Well funnily enough Caron Wheeler and myself have been working with a new band for the last three years and we have been in the studio lately working on some material together so that will be coming out in March of 2016 so that’s exciting and this month I will be receiving a Q Award (The Q Awards are the UK’s annual music awards run by the music magazine Q and have become one of Britain’s biggest and best publicised music awards) so things are still busy as always for me. Never a dull moment you could say and I still get nervous with these things so that’s a good thing I guess (laughs).
How is your Collection and Lifestyle fashion label going for you?
The fashion label is going really well at the moment thanks for asking. The last collection we did was for Harvey Nichols in London and it’s going well and of course the interest for the label through my website continues to grow so I am really blessed it is growing and I am grateful for the support. Music and fashion have always gone together and that’s where that inseparable link lies and again it’s a lifestyle at the end of the day.
If you met a younger version of Jazzie B today what advice would you give to him and why?
Mmmmm the advice would initially be perseverance works so it’s important to see everything through. Don’t give up, believe in what you do and do it to the best of your ability and you have to finish what you start.
Your greatest influences and or inspirations?
Apart from my family obviously I would have to say artists like Isaac Hayes, James Brown, Barry White, being around people like that have helped to shape the creative part of me, but for all intents and purposes it would be my family really.
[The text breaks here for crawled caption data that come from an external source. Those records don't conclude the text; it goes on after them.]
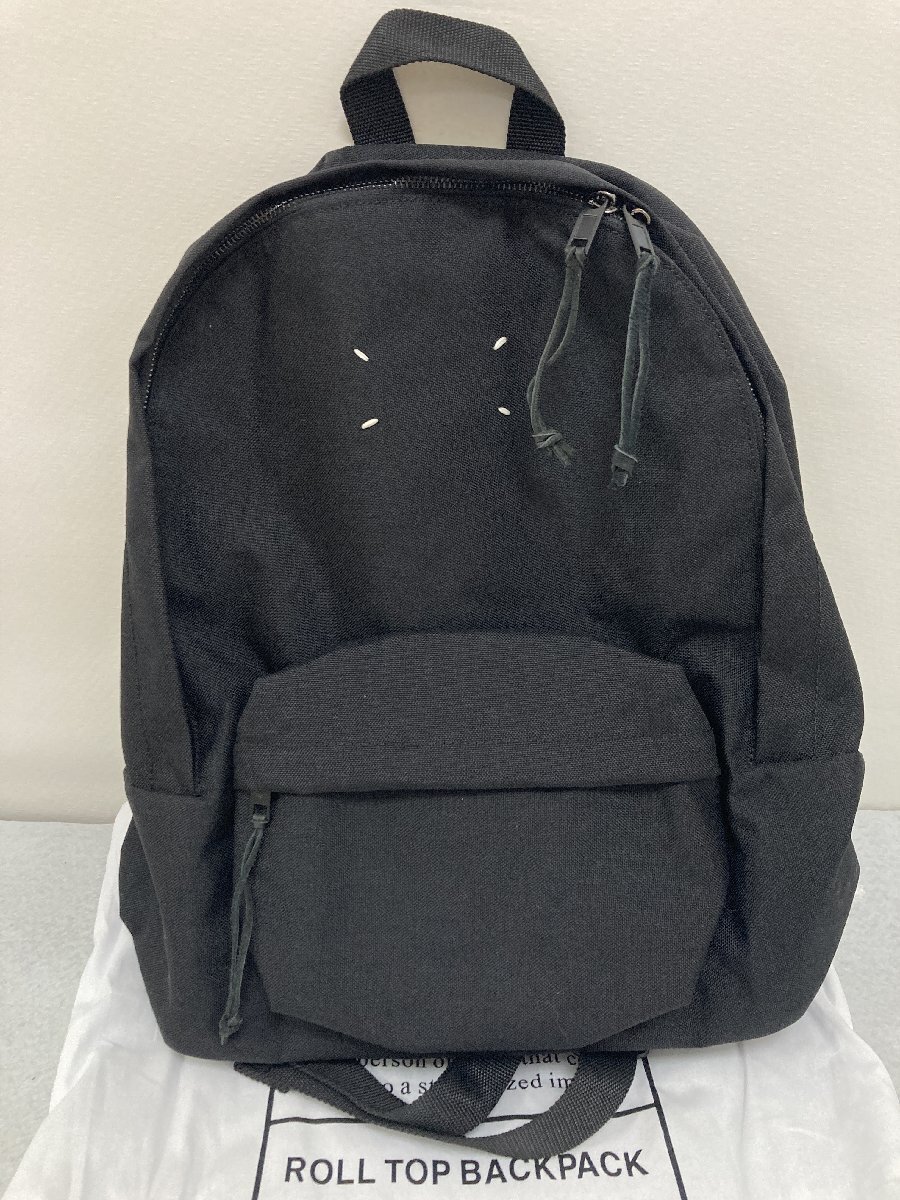 Maison Margiela メゾン マルジェラ BACKPACK バックパック Maison Margiela メゾン マルジェラ BACKPACK バックパック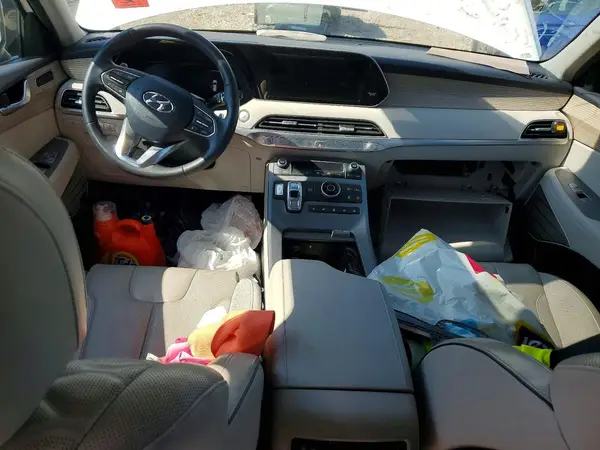 KM8R5DHE4NU339355 2022 HYUNDAI PALISADE - Image 8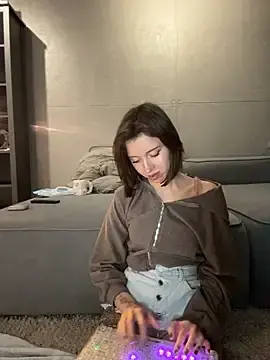 Stripchat Sex Cam of Bastet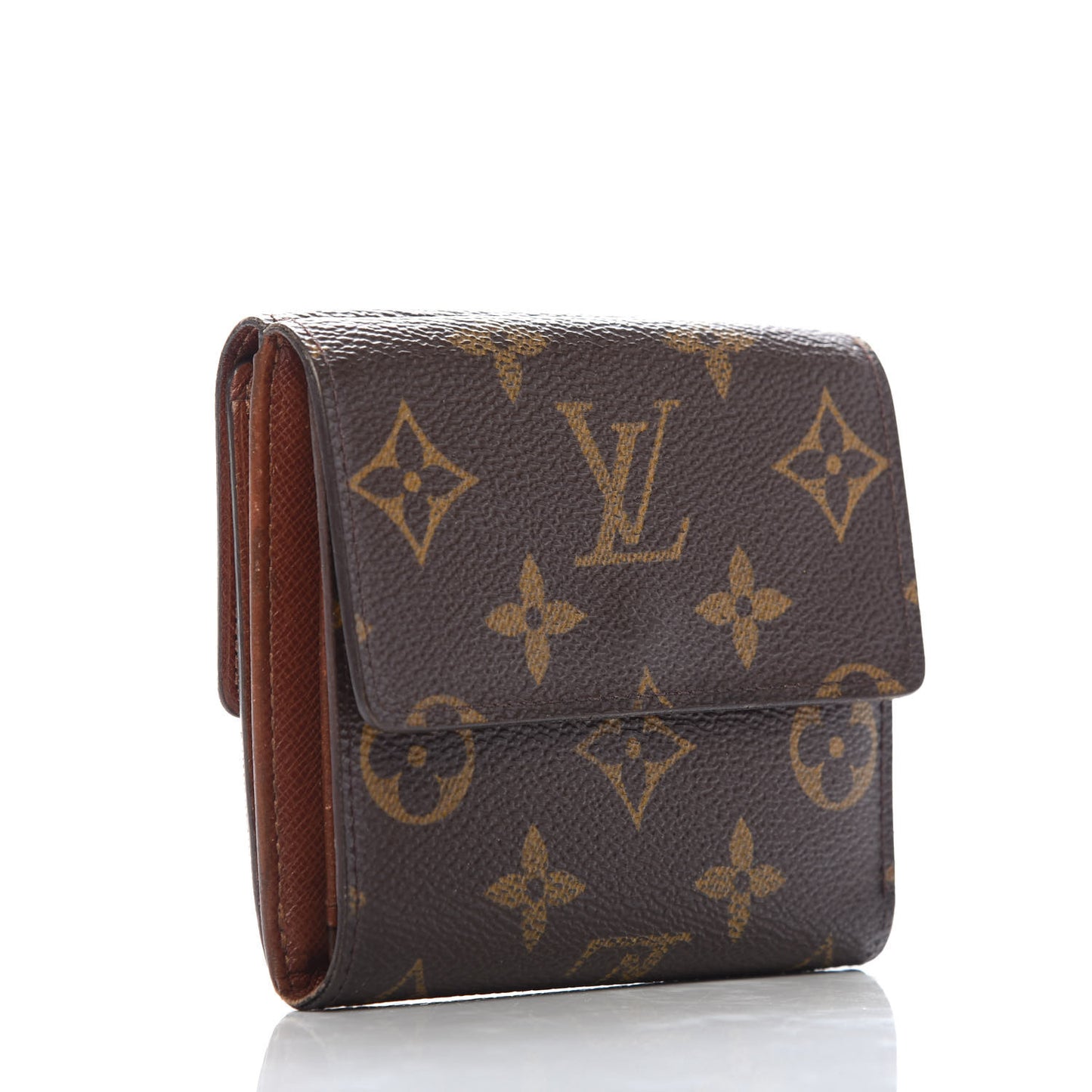 Monogram Elise Wallet
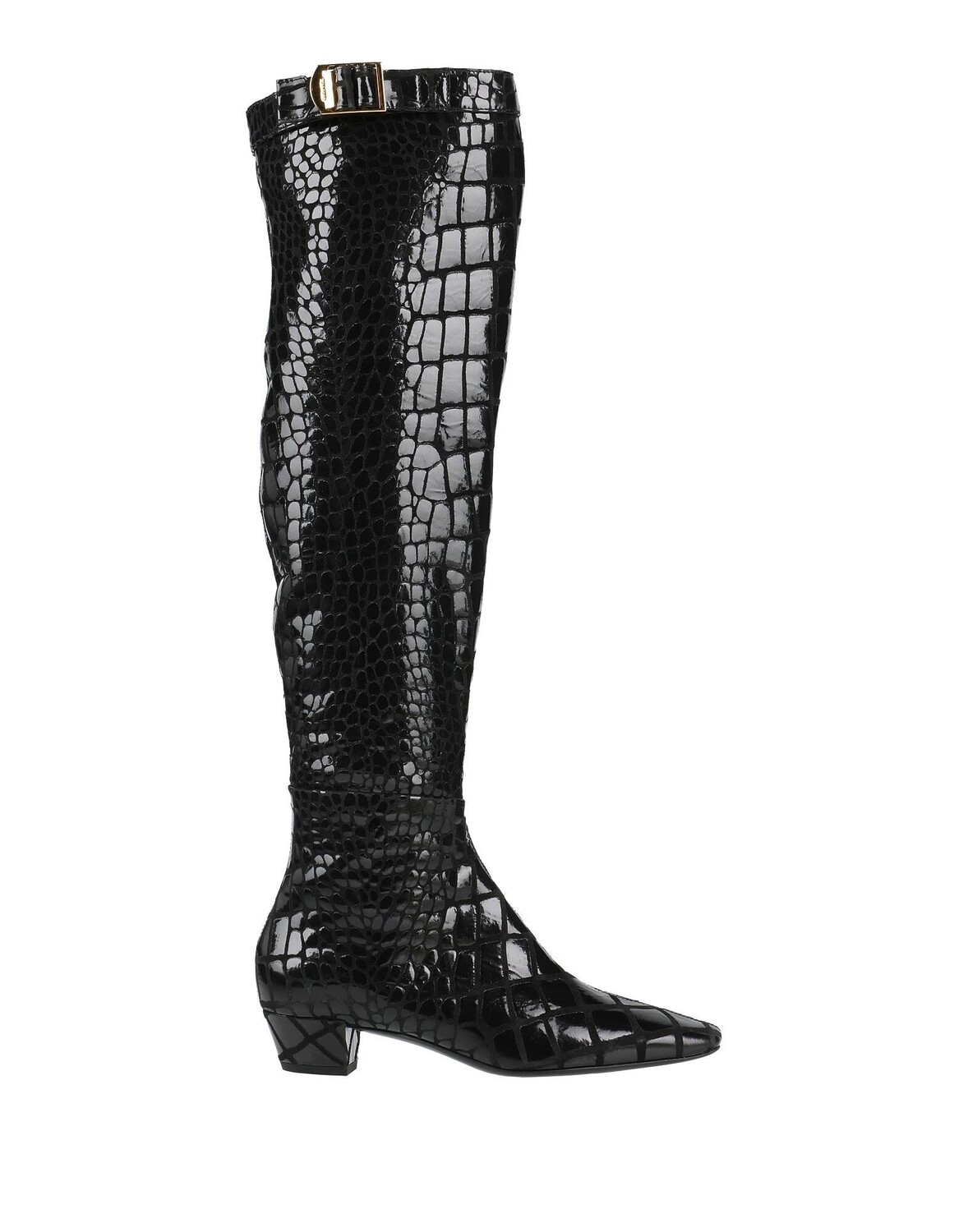 

Сапоги Tom Ford, черный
4 albums you would take with you into the afterlife and why?
Anything from Curtis Mayfield as he is my musical encyclopaedia, I’d have to make a compilation of reggae music I think as that is the backbone to me waking up every day and I think I would make a usb off the internet of all the new music out there right now and I think you might have to come back to me on that 4th album (laughs).
What would you say is the greatest lesson music has taught you about life and yourself thus far?
It’s taught me a happy face, a thumping base for a loving race to keep on moving.